Colleen Kay Hutchins, Miss America 1952, dies at 83 [Updated]
Colleen Kay Hutchins, 83, an Arcadia native who was crowned Miss America of 1952, died early Wednesday at her home in Newport Beach, the Associated Press reported.
Her son Kiki Vandeweghe, the interim coach and general manager of the New Jersey Nets, said his mother died after being sick for about six months. He did not give details about her illness.
[For the record, March 26: This post should have referred to Hutchins by her married name, Colleen Hutchins Vandeweghe. Also, in addition to Kiki Vandeweghe and Tauna Vandeweghe, her other children are Heather Shannon and Bruk Vandeweghe.]

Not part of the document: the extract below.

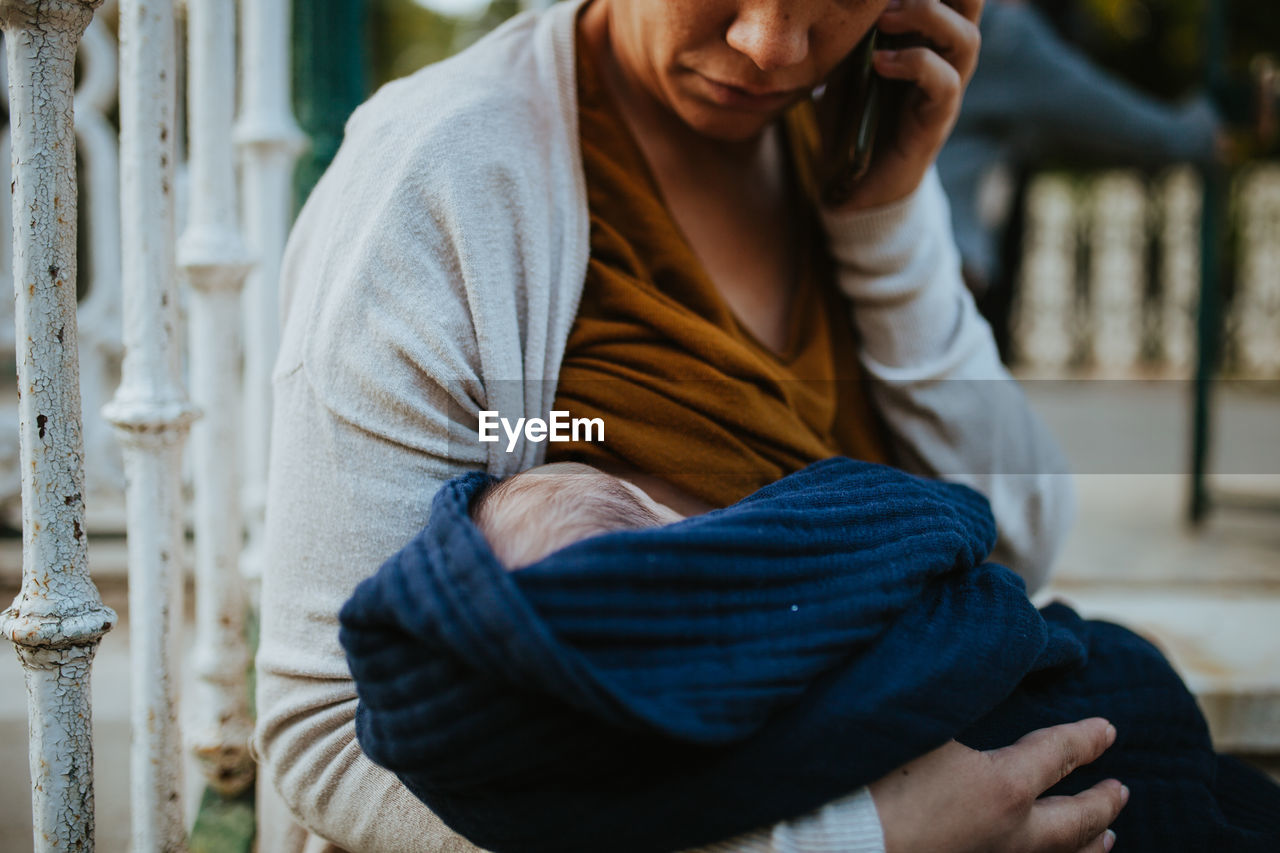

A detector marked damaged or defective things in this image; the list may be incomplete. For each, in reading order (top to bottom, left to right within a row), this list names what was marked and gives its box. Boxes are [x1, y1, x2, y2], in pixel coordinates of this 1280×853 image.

rusty metal post [0, 0, 115, 845]
rusty metal post [104, 0, 199, 840]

Hutchins, who graduated from the University of Utah, competed in the national beauty pageant as Miss Utah. She had grown up in Arcadia and was an accomplished swimmer who also studied acting at the Pasadena Playhouse.
"I don’t know how it happened," the blond 25-year-old told reporters after winning the Miss America crown. "I thought I was too darned tall."

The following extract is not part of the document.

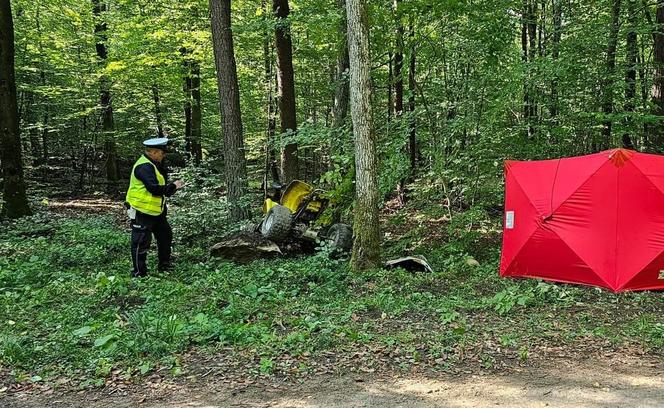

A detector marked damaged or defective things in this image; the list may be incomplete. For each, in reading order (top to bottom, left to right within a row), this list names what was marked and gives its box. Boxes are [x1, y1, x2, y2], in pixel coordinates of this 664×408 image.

crashed vehicle [260, 175, 352, 252]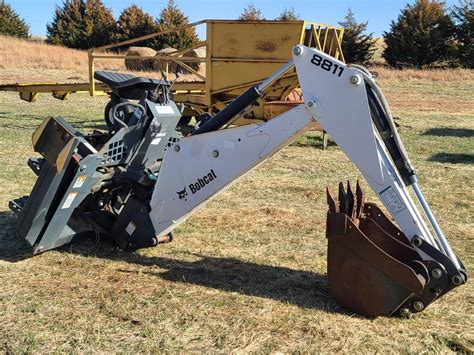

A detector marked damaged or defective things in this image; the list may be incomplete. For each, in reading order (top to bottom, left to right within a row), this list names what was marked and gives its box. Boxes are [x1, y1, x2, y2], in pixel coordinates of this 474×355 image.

rusted metal surface [326, 182, 430, 318]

She was 5 feet 10 inches tall, and height ran in the family. Her brother Mel was a 6-foot-6 forward-center in the NBA.
During her reign as Miss America, she went to a New York Knicks basketball game and met Ernie Vandeweghe, a guard-forward on the team. They married in 1953 and, after she had a small part in a Broadway revue, she decided to leave the public spotlight.
"When I married Ernie, it all seemed so meaningless," she told People magazine in 2000.
She is survived by her husband and four children, including daughter Tauna Vandeweghe, a U.S. Olympian in swimming and volleyball.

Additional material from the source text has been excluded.